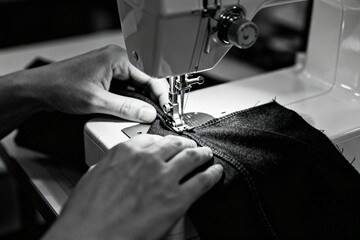 Person sewing fabric with machine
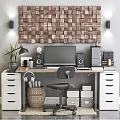 Stylish Home Office Interior With Desk Chair Wooden Panel Wall Table Lamp And Storage Boxes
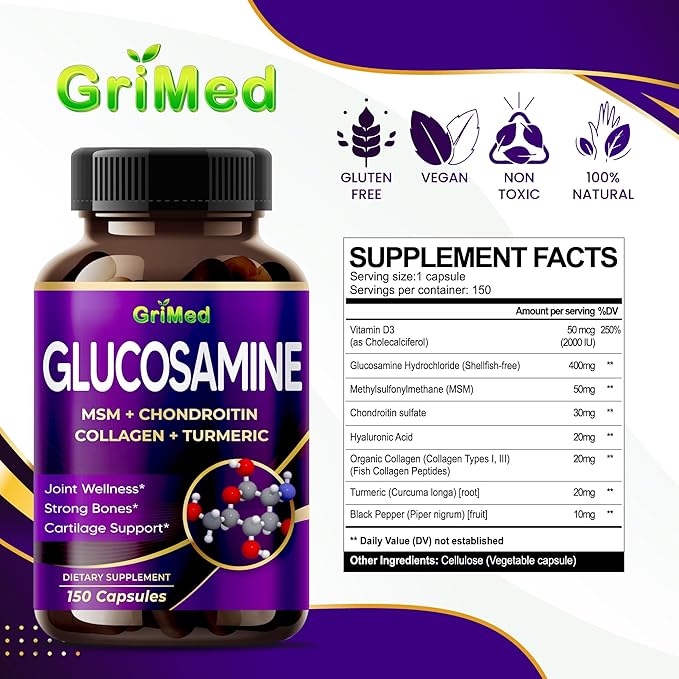 GriMed Glucosamine 12,000mg - X12 Power with MSM, Chondroitin, Collagen, Turmeric for Joint Wellness, Strong Bones, Cartilage Support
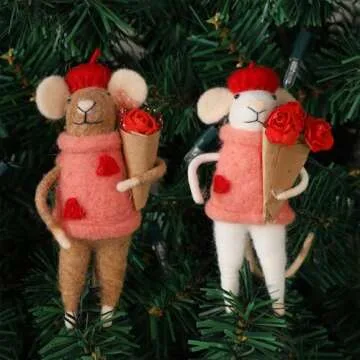 Watereem Set of 2 Valentine's Day Felt Mice Ornaments, 4.5" Hanging Wool Mouse Couple Figurine with Bouquet, Tiered Tray Tabletop Decor, Valentines Anniversary Easter Gifts Wedding Party Supply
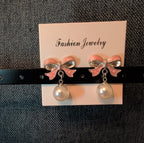 Pink Bow Pearl Drop Earrings Gold Plated Bowknot Cute Elegant Dangle Studs Gift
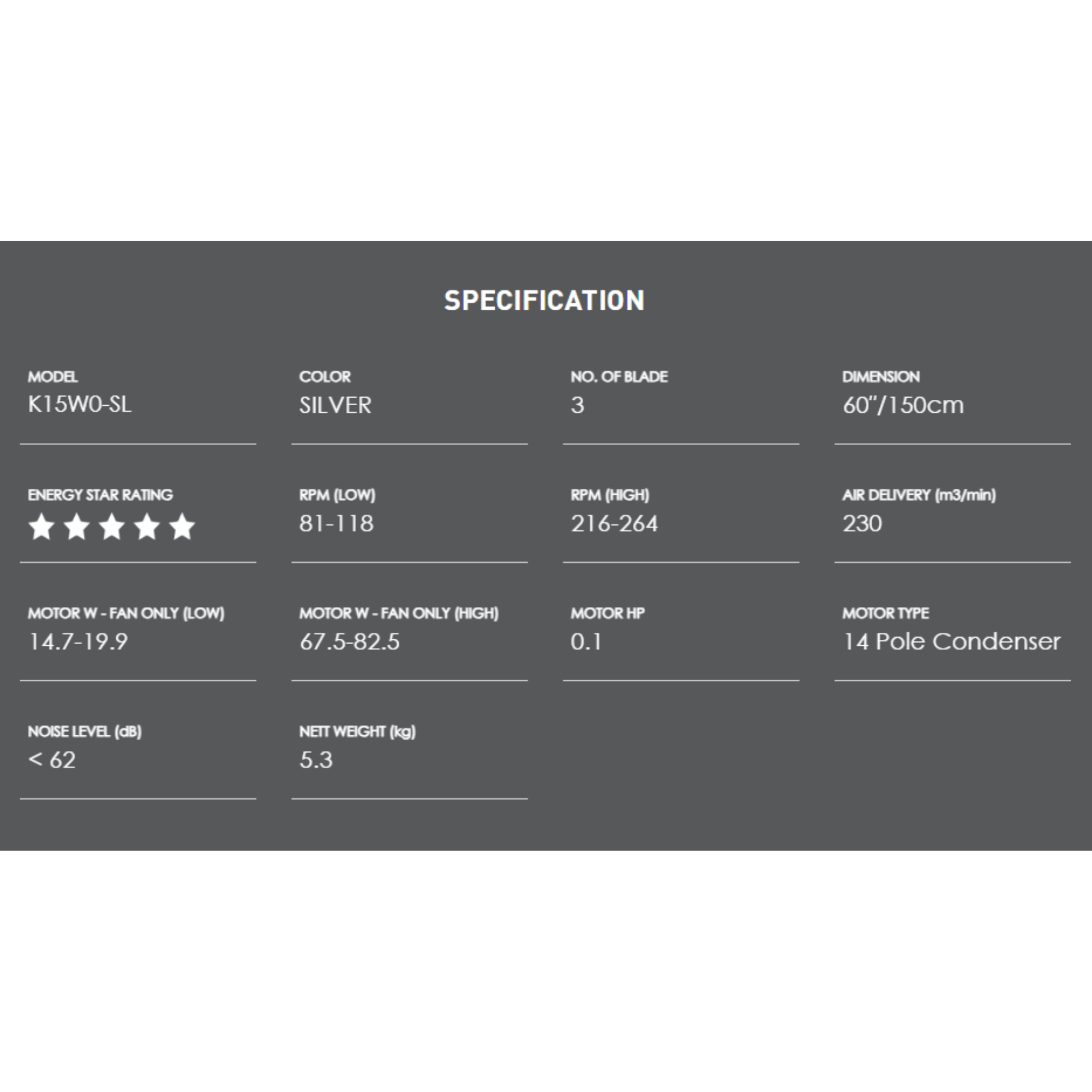 KDK 60" Ceiling Fan 3-Blade Regulator Silver (K15W0-SL)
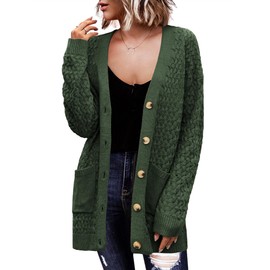 Zeagoo Womens 2024 Long Sleeve Chunky Cable Knit Fall Cardigans Sweaters Button Down Open Front Outerwear with Pockets Army Green Large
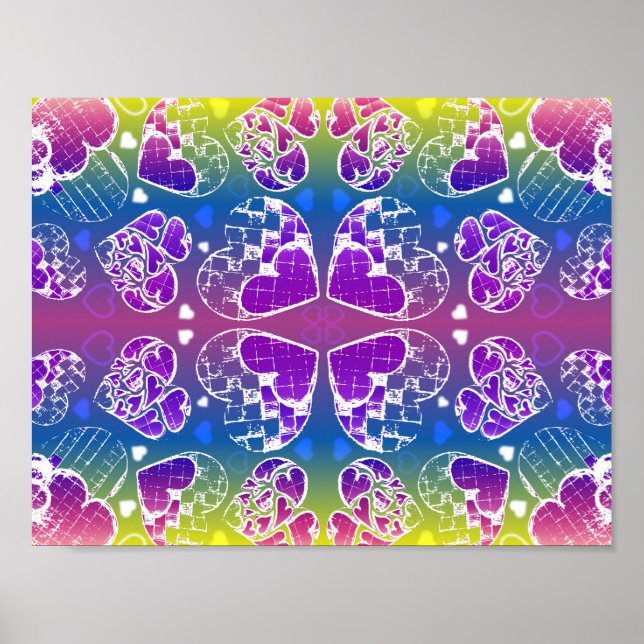 Roligt Lila, blått, gult Whimsical Hearts mönster Poster (Framsidan)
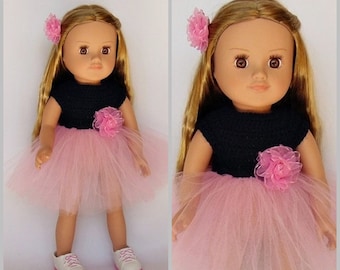 18 inch doll dress, American doll dress, tulle dress, tutu dress, American Girl Doll, tutu crochet dress, tutu, tulle, crochet dress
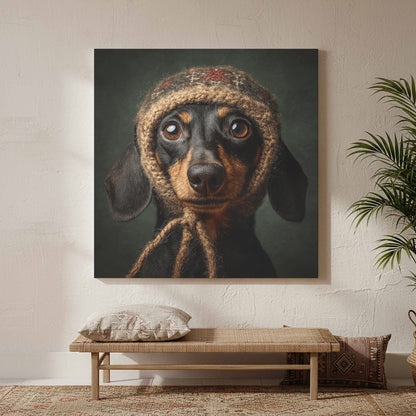 Dachshund German Hat Canvas Print – styled room view 3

Instructions for the task: Copy nothing but the lines from the top of the data down to the line containing "Regulator Silver (K15W0-SL)", and leave the pictures out.

Finished task:
 Person sewing fabric with machine
 Stylish Home Office Interior With Desk Chair Wooden Panel Wall Table Lamp And Storage Boxes
 GriMed Glucosamine 12,000mg - X12 Power with MSM, Chondroitin, Collagen, Turmeric for Joint Wellness, Strong Bones, Cartilage Support
 Watereem Set of 2 Valentine's Day Felt Mice Ornaments, 4.5" Hanging Wool Mouse Couple Figurine with Bouquet, Tiered Tray Tabletop Decor, Valentines Anniversary Easter Gifts Wedding Party Supply
 Pink Bow Pearl Drop Earrings Gold Plated Bowknot Cute Elegant Dangle Studs Gift
 KDK 60" Ceiling Fan 3-Blade Regulator Silver (K15W0-SL)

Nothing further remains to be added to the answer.